既存SI事業は、当面は主要な収益の源泉として維持される。新しい領域がこれを直ちに置き換えるものではない。しかし、長期的視点に立てば、成長の伸び代は新しい事業領域にある。そのためDXや攻めのITなどに関わるための新規事業による新たな収益の機会を、既存SI事業に追加して行く必要がある。ではどのように新規事業に取り組めばいいのだろう。
新規事業実施の判断基準
「なに」をするかではなく「なぜ」するかが明確であること
新規事業は、受託開発や請負とは異なる事業の特性を持っている場合が多い。そのため投資判断や進捗の評価に当たっては、これまでのやり方や常識とは異なる基準を持つ必要がある。
既存事業の評価基準を当てはめてはいけない
新規事業の業績評価に、既存事業の評価基準を当てはめてはいけない。それは新規事業が現状の改善や拡張ではないからであり、新たな市場の開拓であるからだ。そのため、規模や市場の動きを予測できない。ここに既存事業同様に投資対効果への厳密な裏付けを求めてしまうと、例え良いアイデアであっても、「リスクがある」と判断され、実施されることなく検討の対象から外されてしまう。

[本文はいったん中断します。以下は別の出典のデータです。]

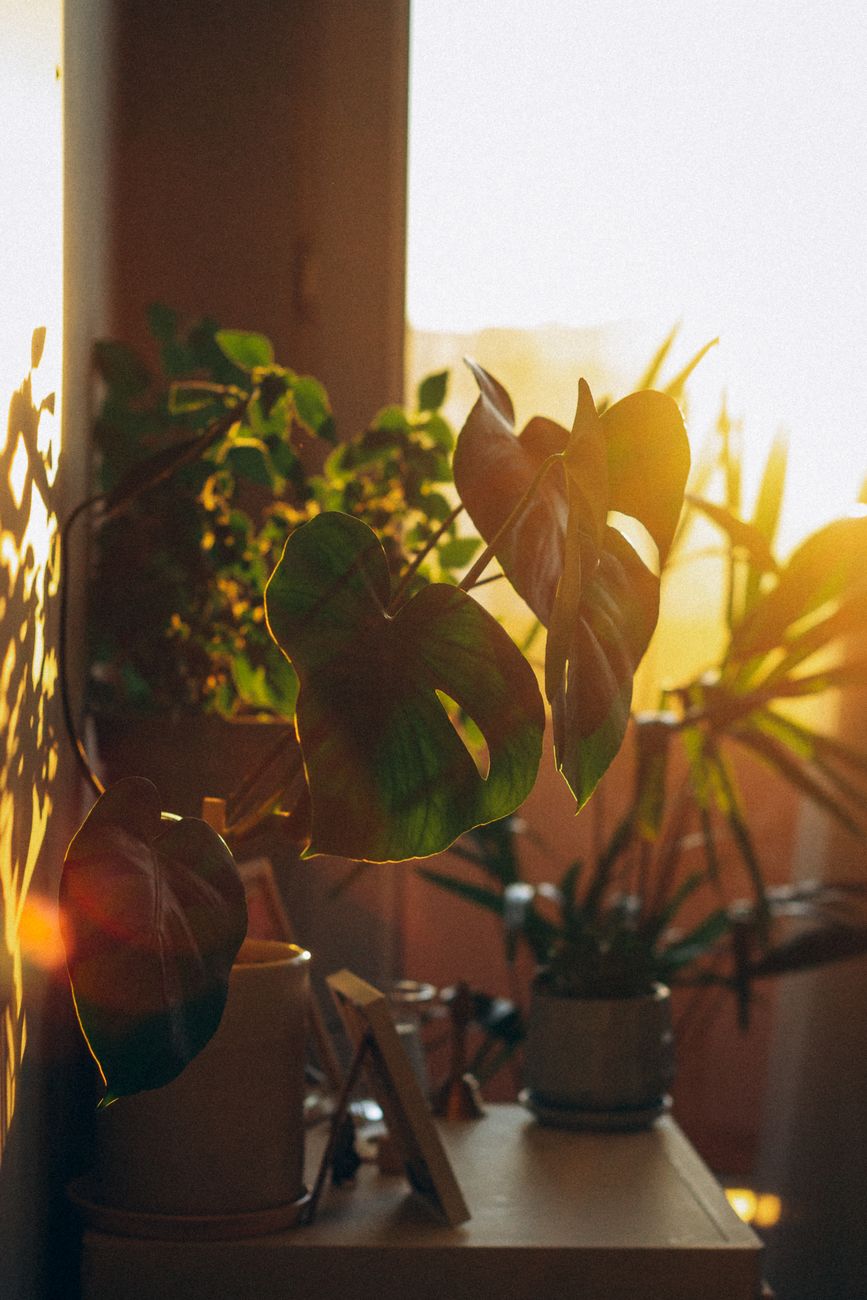 Premium biophilic room layout with luxury plants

既存の評価基準とは相容れないことを承知の上で、リスクを覚悟で「良いアイデア」に投資する覚悟がなければ、可能性の芽を潰してしまうだろう。
根拠の曖昧な具体的数字を提示してはいけない
「3年後に10億円規模の事業を考えて欲しい」というような、根拠の曖昧な具体的数字を提示することも厳に慎む必要がある。このような基準を与えてしまうと、例え良いアイデアであっても「これでは10億円は無理ではないか」という自己規制が働き、発想に制約を与えてしまう。これでは、新規性のある事業プランは生まれない。具体的な数字を伴うKPIは、ある程度事業が動き始めてからでなければ、現実的ではない。まずは、ROIを求めず、試してみることを優先すべきだ。
「これはうまく行くのではないか」はうまくいかない
「これはうまく行くのではないか」との考えで、承認を与えることにも慎重でなくてはならない。一般的に「うまくいく」との感触は、過去に類似の事例がある場合が多く、新規性や優位性がないことが多いからだ。「よく分からないが、これは凄い!」、「いろいろと課題はありそうだが、これは世の中を変えてしまうかも知れないぞ!」、「本当にできるかどうかは分からないが、確かにこれはいままでにはなかった!」という取り組みに対して、トライアルさせてみることだ。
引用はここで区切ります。